2. Gender_index : Gender Index is a column consisting of two values which are indicators themselves, Gender Development Index and Gender Inequality Index.
3. 2001, 2002….2013 : Discrete values of years for which the respective data has been collected.
Project coding
Loading the libraries required in the project
library(tidyverse)
## -- Attaching packages --------------------------------------- tidyverse 1.3.1 --
## v ggplot2 3.3.5 v purrr 0.3.4
## v tibble 3.1.6 v dplyr 1.0.7
## v tidyr 1.1.4 v stringr 1.4.0
## v readr 2.1.2 v forcats 0.5.1
## -- Conflicts ------------------------------------------ tidyverse_conflicts() --
## x dplyr::filter() masks stats::filter()
## x dplyr::lag() masks stats::lag()
library(kableExtra)
##
## Attaching package: 'kableExtra'
## The following object is masked from 'package:dplyr':
##
## group_rows
library(tidyr)
library(dplyr)
Reading the data from dataset and displaying top records in R Markdown in kable table.

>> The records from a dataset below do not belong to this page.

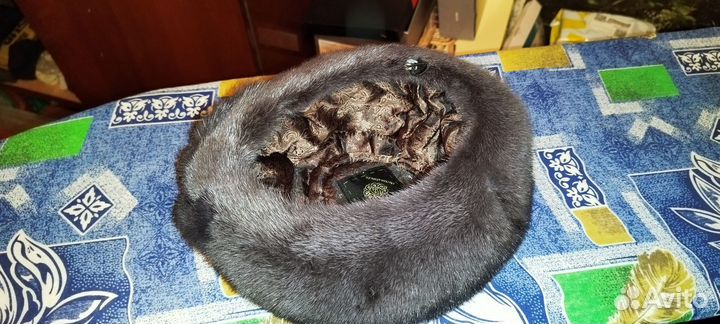 Шапка женская зимняя норковая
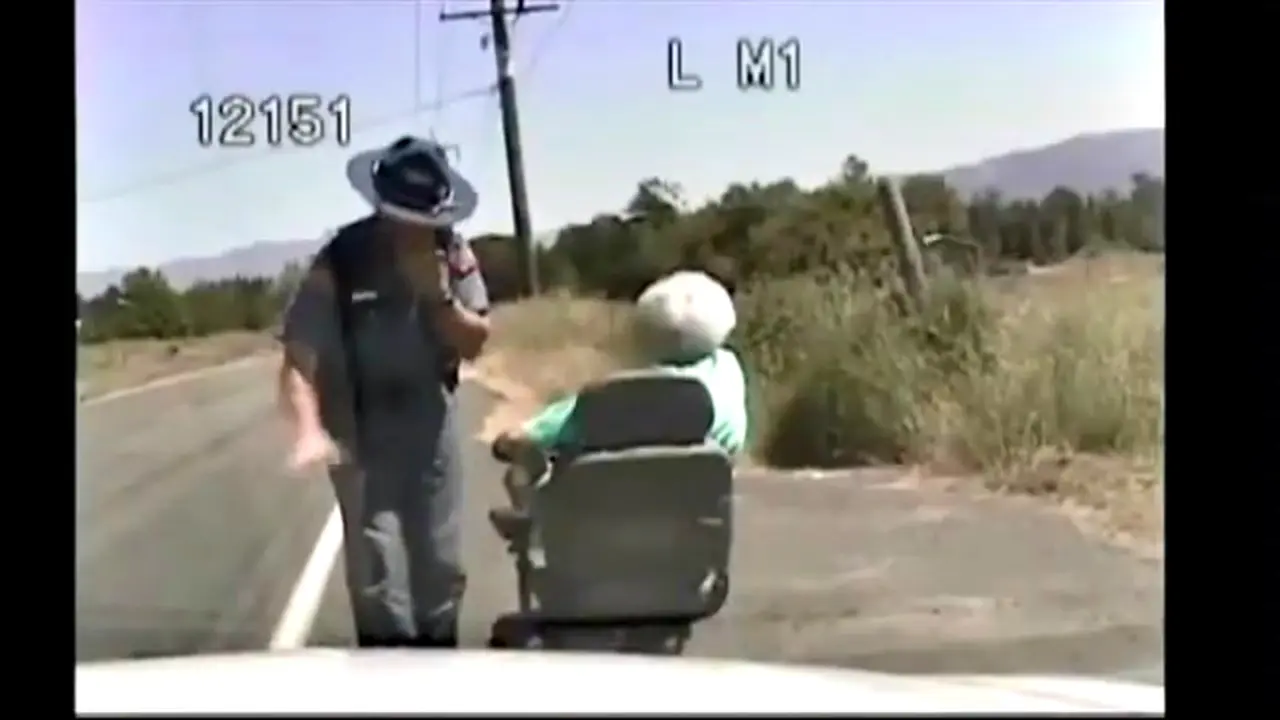 Nenek Ini 'Berkelana' 10 Kilometer Dengan Kursi Roda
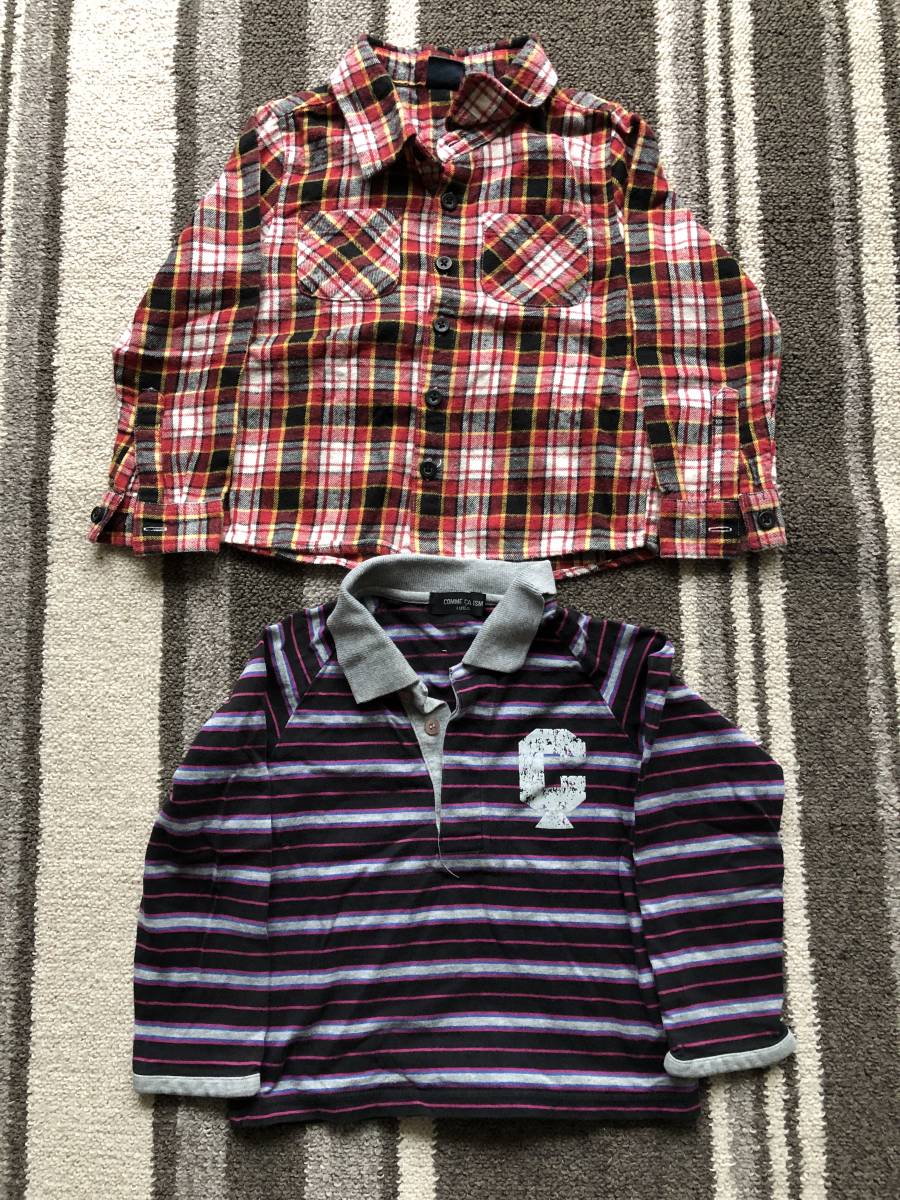 子供服まとめ売り サイズ80~110 キッズ 子供用 シャツ ウインドブレーカー コート トレーナー ジャケット ズボンなど 古着_画像6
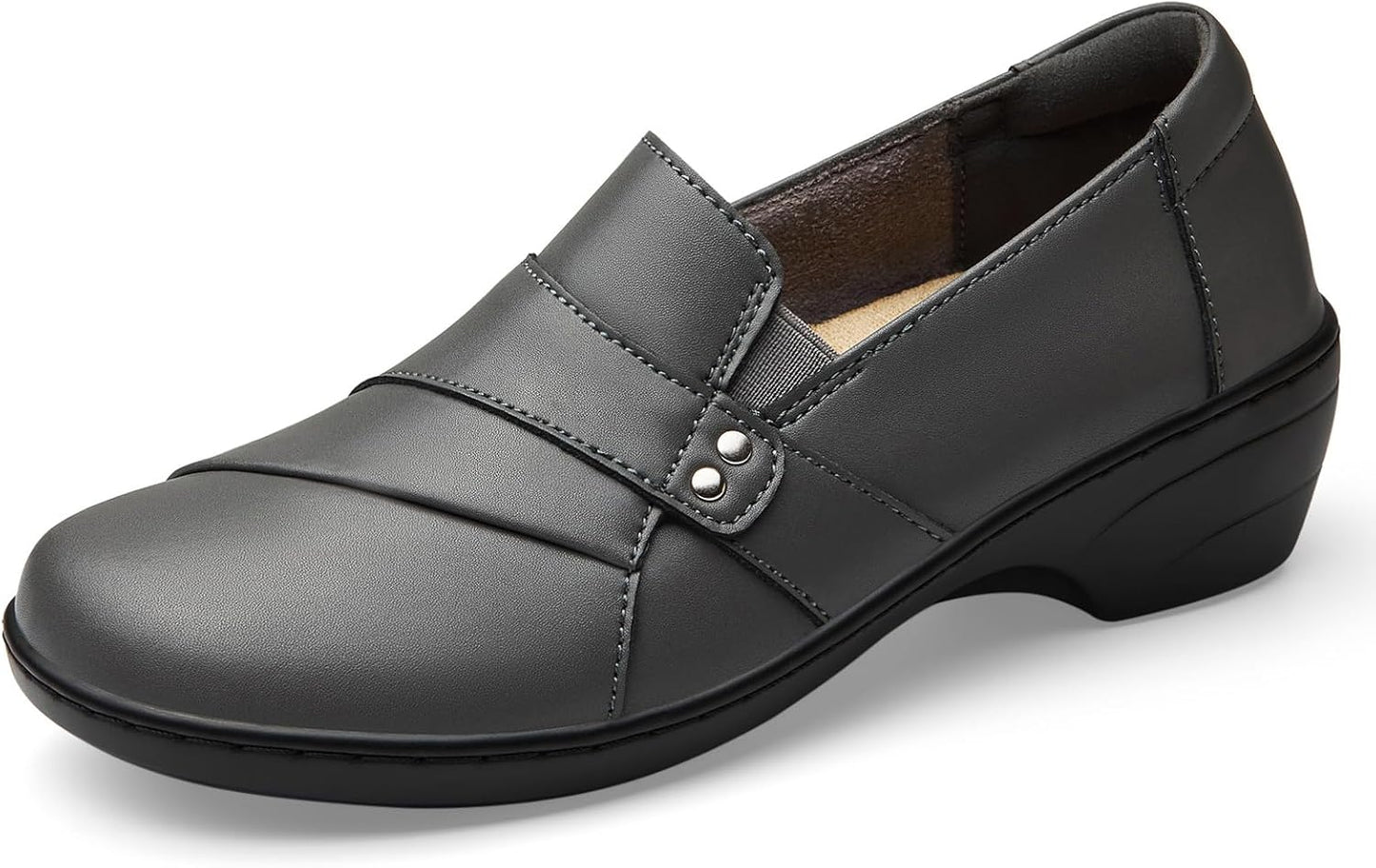 KORDAL Women's Comfortable Leather Loafers for Everyday Use
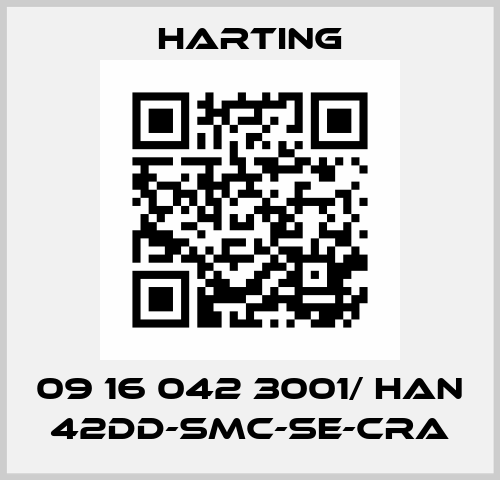 09 16 042 3001/ Han 42DD-SMC-SE-CRA Harting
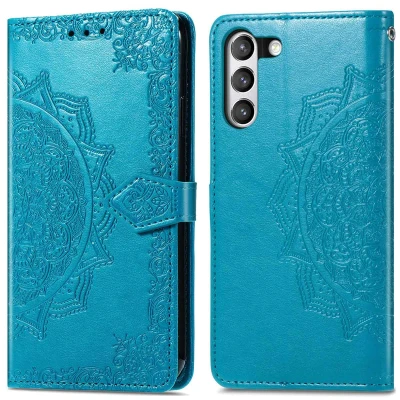 Abbildung von Samsung Galaxy S21 FE Hülle Kunstleder iMoshion Klapphülle Handyhülle Türkis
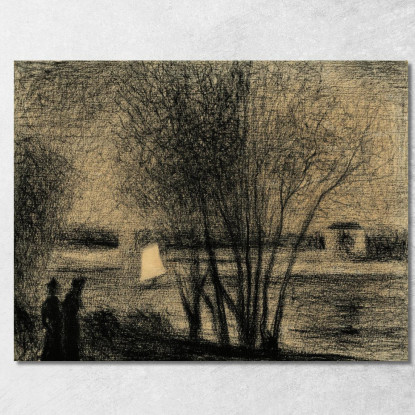 La Vela Bianca Georges Seurat gsr39 quadro stampato su tela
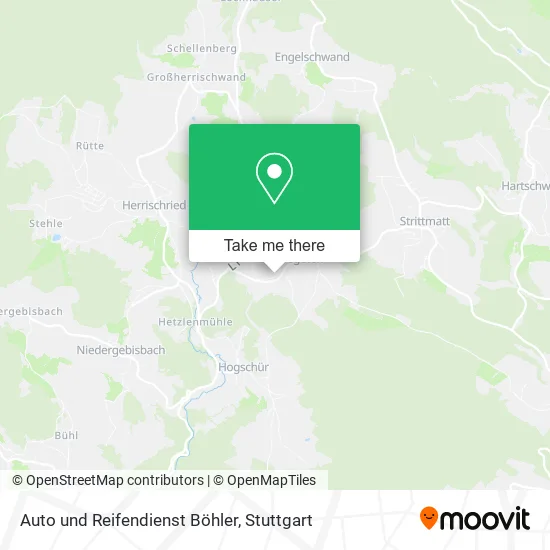 Карта Auto und Reifendienst Böhler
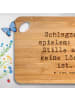 Mr. & Mrs. Panda Snackbrett Spruch Schlagzeug Magie mit Spruch in Braun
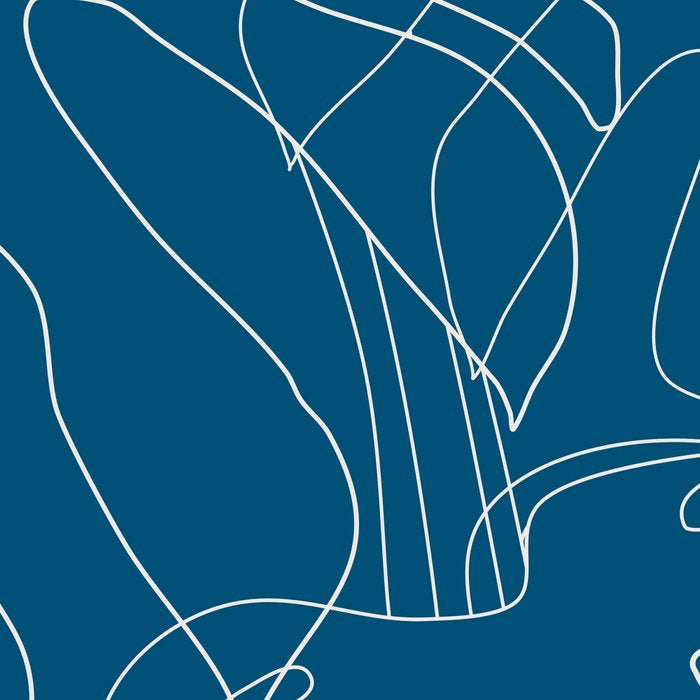 Monstera No2 Blue Coffee Mug Gallery Image 2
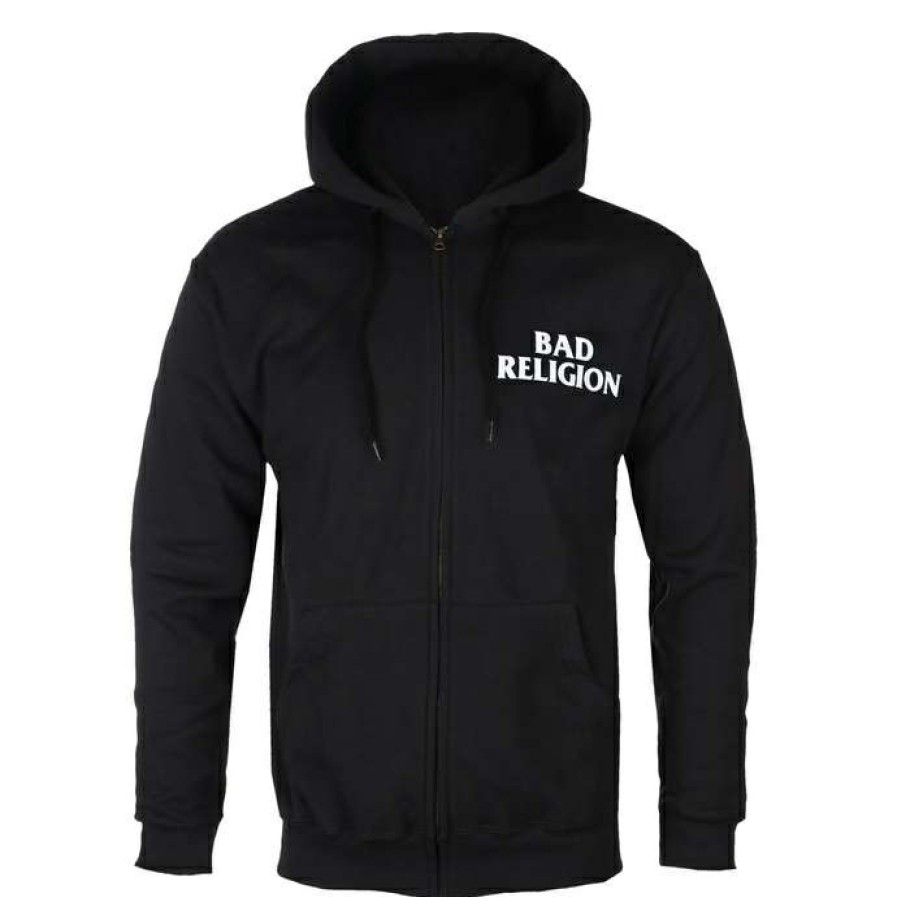 Zippered Hoodies * | Hoodie Men'S Bad Religion Cross Buster Kings Road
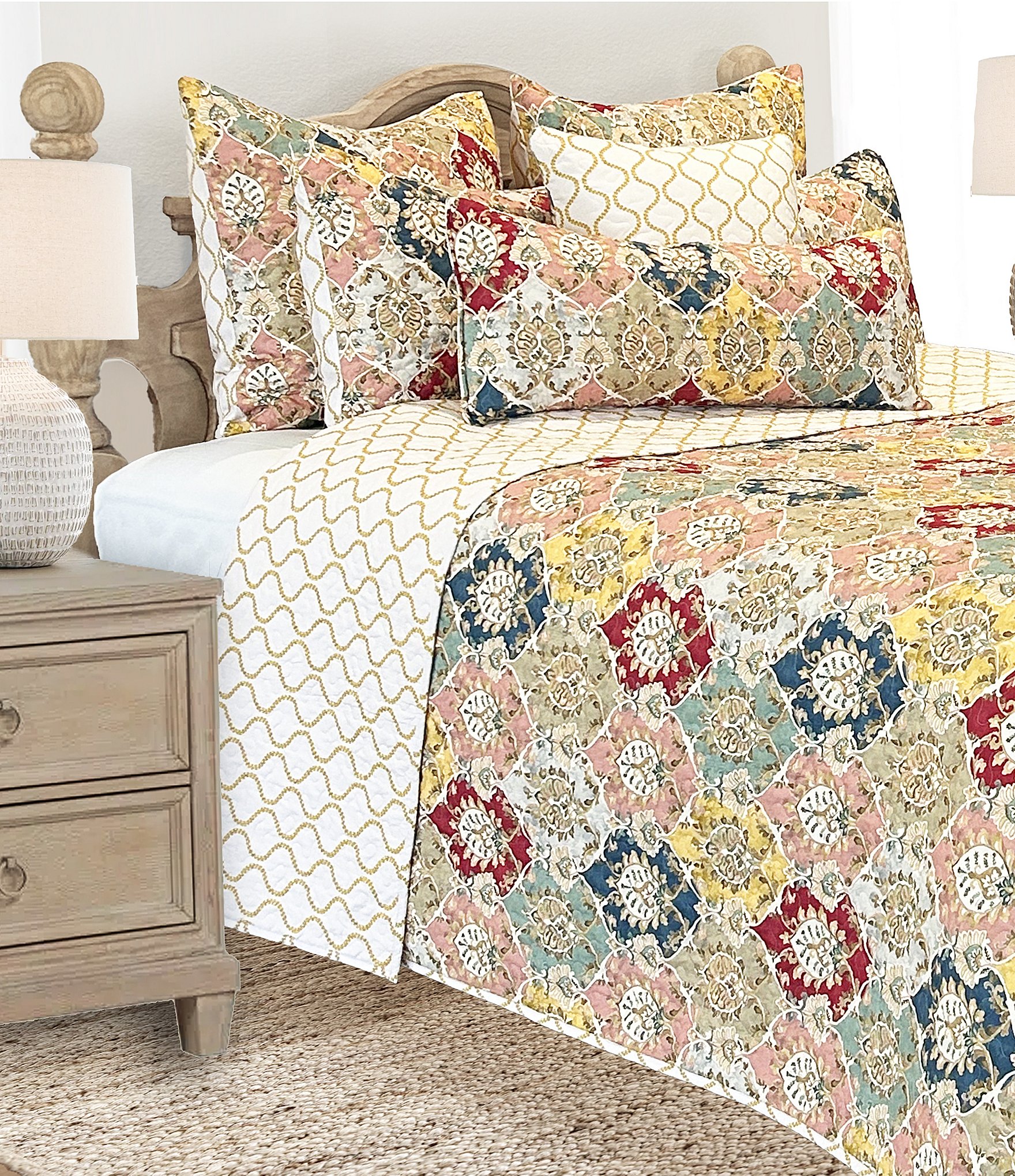 Ida Mae Home x Erin & Ben Co. Athena Reversible Quilt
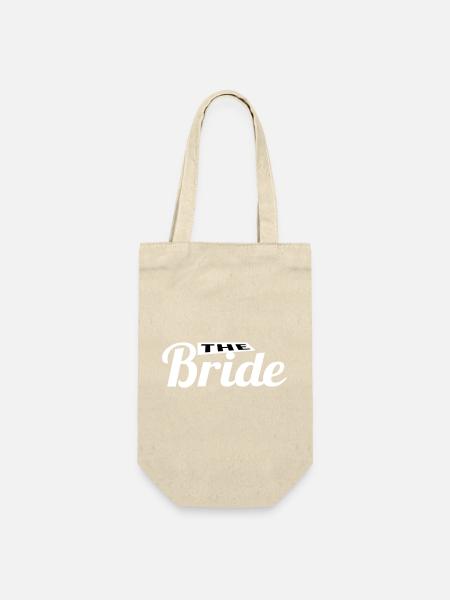 The Bride! - Geschenkbeutel für Flaschen - Natur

df_xl = read_csv("Assignment1-Misra-Gender-Inequality-Development-Index-of-Countries.csv")
## Rows: 294 Columns: 16
## -- Column specification --------------------------------------------------------
## Delimiter: ","
## chr (2): Country, Gender_Index
## dbl (14): 2000, 2001, 2002, 2003, 2004, 2005, 2006, 2007, 2008, 2009, 2010, ...
##
## i Use `spec()` to retrieve the full column specification for this data.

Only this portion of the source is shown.